A meteor, rushing 7.9 kilometres per second, is heading towards Earth and is expected to skim passed it on 12 January, The Daily Express reports, citing NASA. The asteroid, dubbed 2020 AB2, is 15 metres wide and 10 metres.
It is set to come as close as 0.011 astronomical units, or 1,645,576 kilometres, to Earth, which caught NASA’s attention and prompted the US space agency to take notice. The asteroid has been defined by its researchers as a Near Earth Object (NEO). Such space guests allow them to get a better understanding of the solar system’s past.
“NEOs are comets and asteroids that have been nudged by the gravitational attraction of nearby planets into orbits that allow them to enter the Earth’s neighbourhood.

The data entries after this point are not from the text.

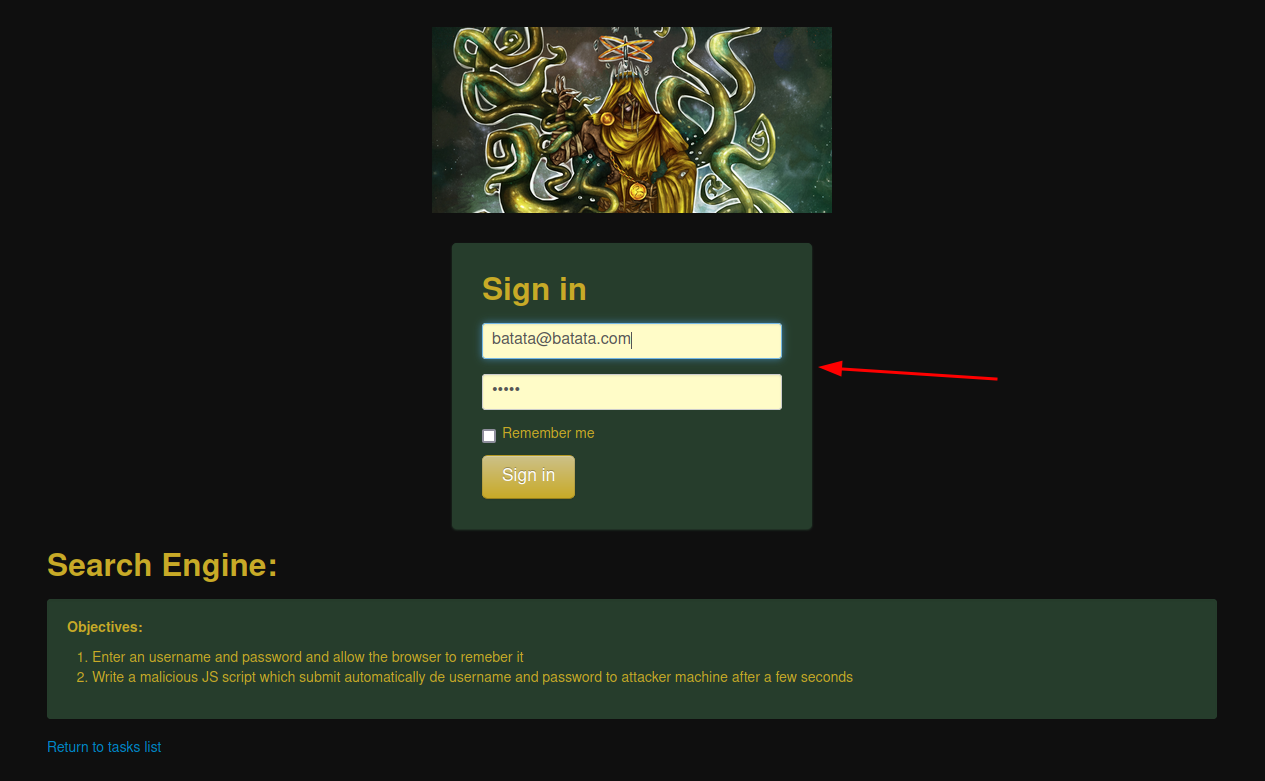 Formulário autopreenchido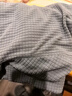 黑冰男款抗菌轻量舒适保暖1/2拉链抓绒衣男士抓绒内胆 FAF1101 灰黑色 M 实拍图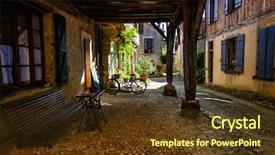  Presentation with southwestern - Slide set featuring same arcades with covered passage background and a tawny brown colored foreground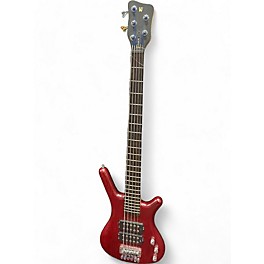 Used RockBass by Warwick Used RockBass by Warwick Corvette 5 String Red Electric Bass Guitar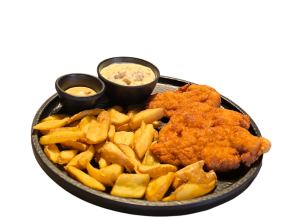 Rántott Csirkemell with Local Fries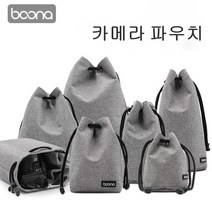 boona 소니 후지 캐논 니콘 필름 파우치 미러리스 카메라 dslr 가방 백, 블랙, boona 크로스백 H013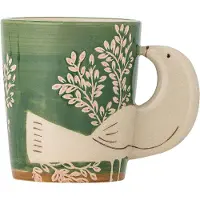 Bloomingville Ensemble de 4 tasses Hezha vertes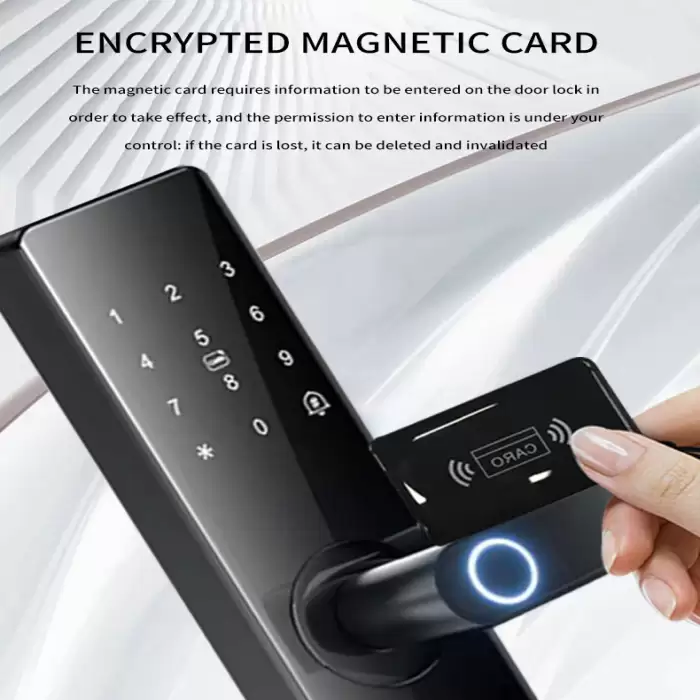 Glomarket Smart Lock Wifi Tuya App Control Fingerprint Electronic Digital Touch Screen Keypad Code Key Smart Door Lock — image 4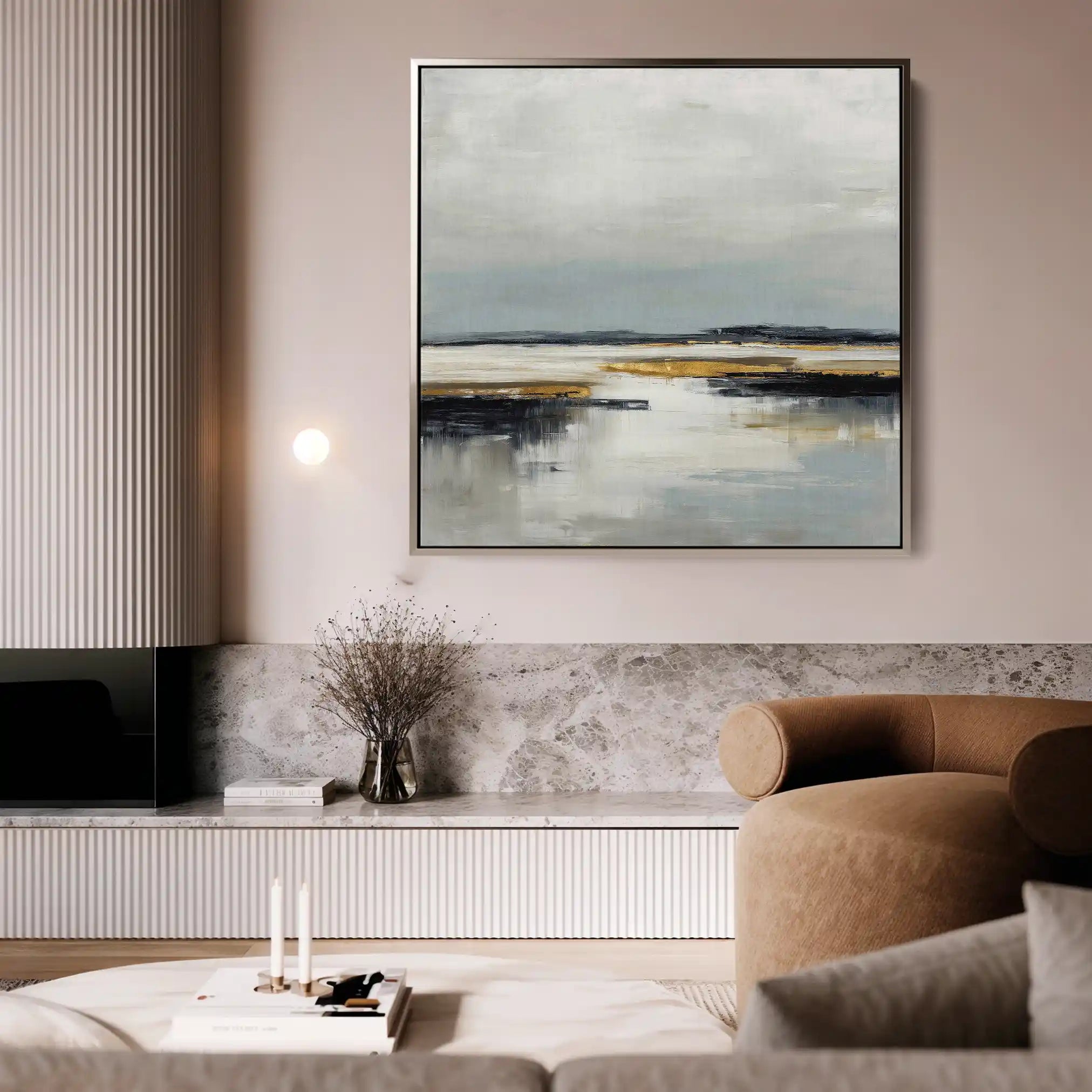 Abstract 1401 Canvas Art 60 x 60 cm / Stretched on hidden frame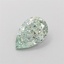 1.08 Ct. Fancy Intense  Green Pear Lab Grown Diamond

The scientific interest in comets and asteroids is due largely to their status as the relatively unchanged remnant debris from the solar system formation process some 4.6 billion years ago,” NASA’s Jet Propulsion Laboratory (JPL) explains.
However, less pleasant memories are also evoked by such space visitors, as the outlet points out. 2020 AB2 is said to be of approximately the same size as the notorious Chelyabinsk rock, which terrified the Russian city in the Urals, leaving windows smashed and people injured. It came unexpectedly, challenging the existing system for the detection of such objects, which could cause damage to cities and regions on Earth.